Segment Open

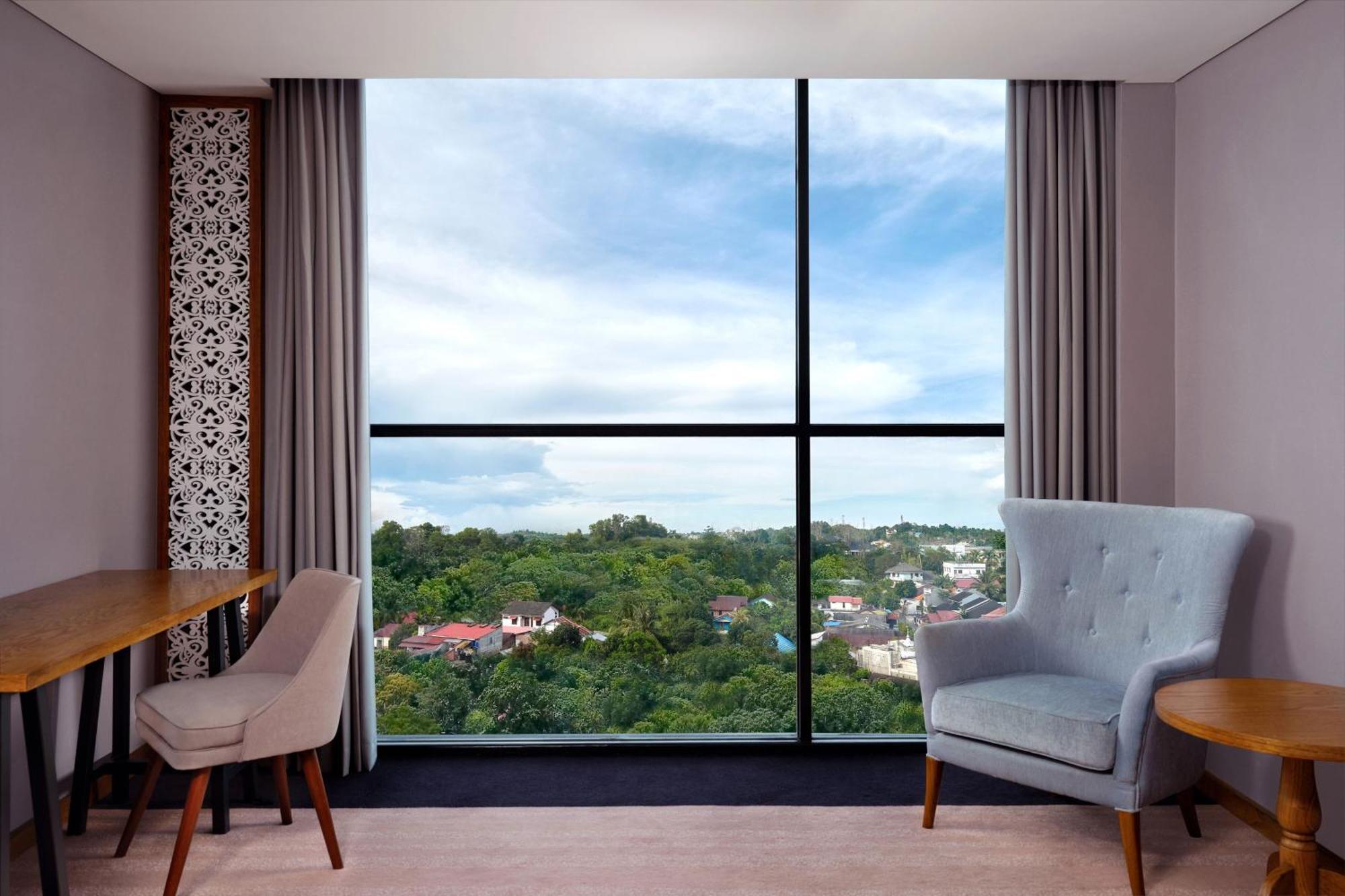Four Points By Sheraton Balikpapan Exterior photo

Segment Closed
Segment Open

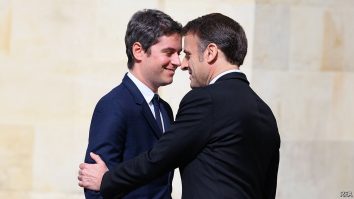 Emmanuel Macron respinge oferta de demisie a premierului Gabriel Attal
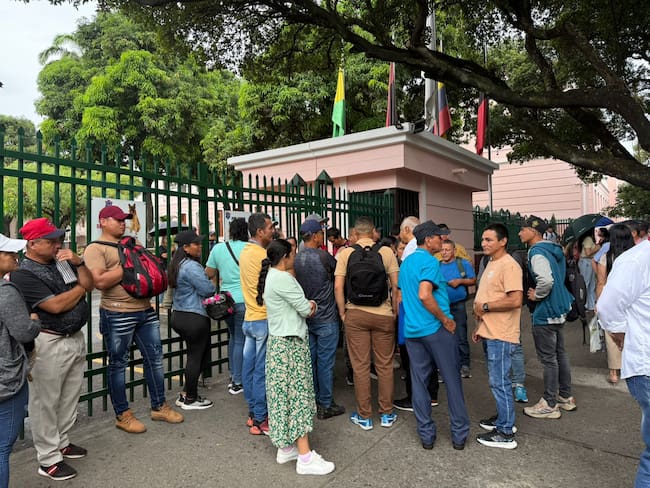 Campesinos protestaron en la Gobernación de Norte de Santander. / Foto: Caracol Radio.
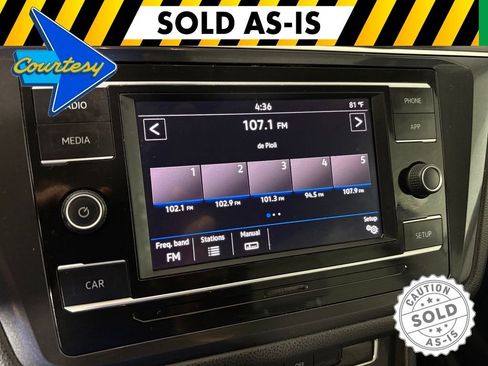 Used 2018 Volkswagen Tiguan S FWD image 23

Segment Closed
Segment Open

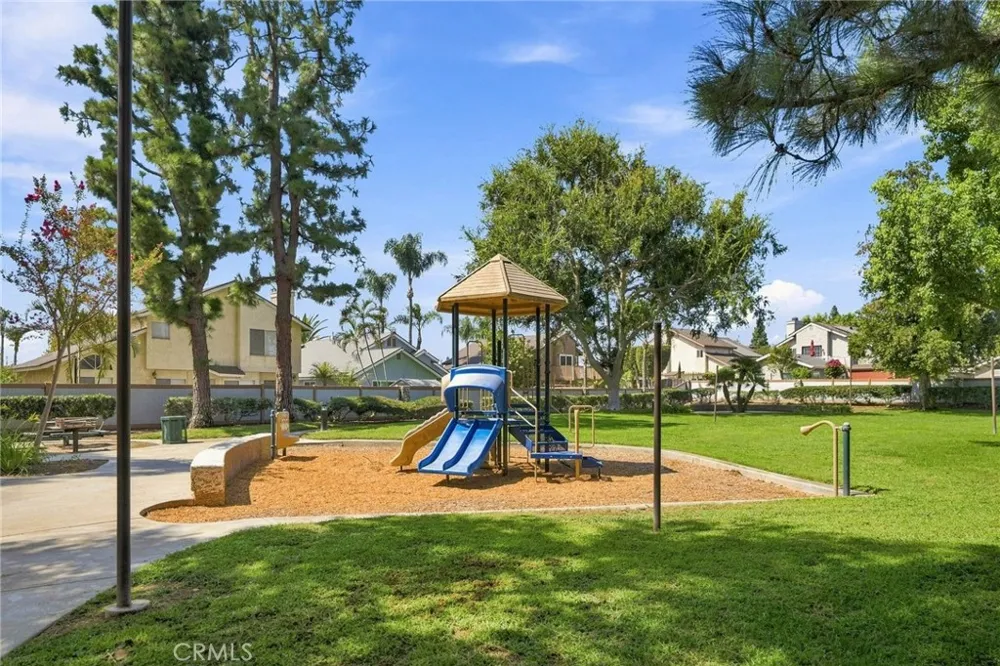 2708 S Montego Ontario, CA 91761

Segment Closed

▶ What is expected: Taking the entries above, extract every line from the one bearing "Emmanuel Macron respinge" through the one bearing "Used 2018 Volkswagen Tiguan S FWD image 23", exactly, with no pictures.

▶ Solution below:
 Emmanuel Macron respinge oferta de demisie a premierului Gabriel Attal
 Campesinos protestaron en la Gobernación de Norte de Santander. / Foto: Caracol Radio.
 Used 2018 Volkswagen Tiguan S FWD image 23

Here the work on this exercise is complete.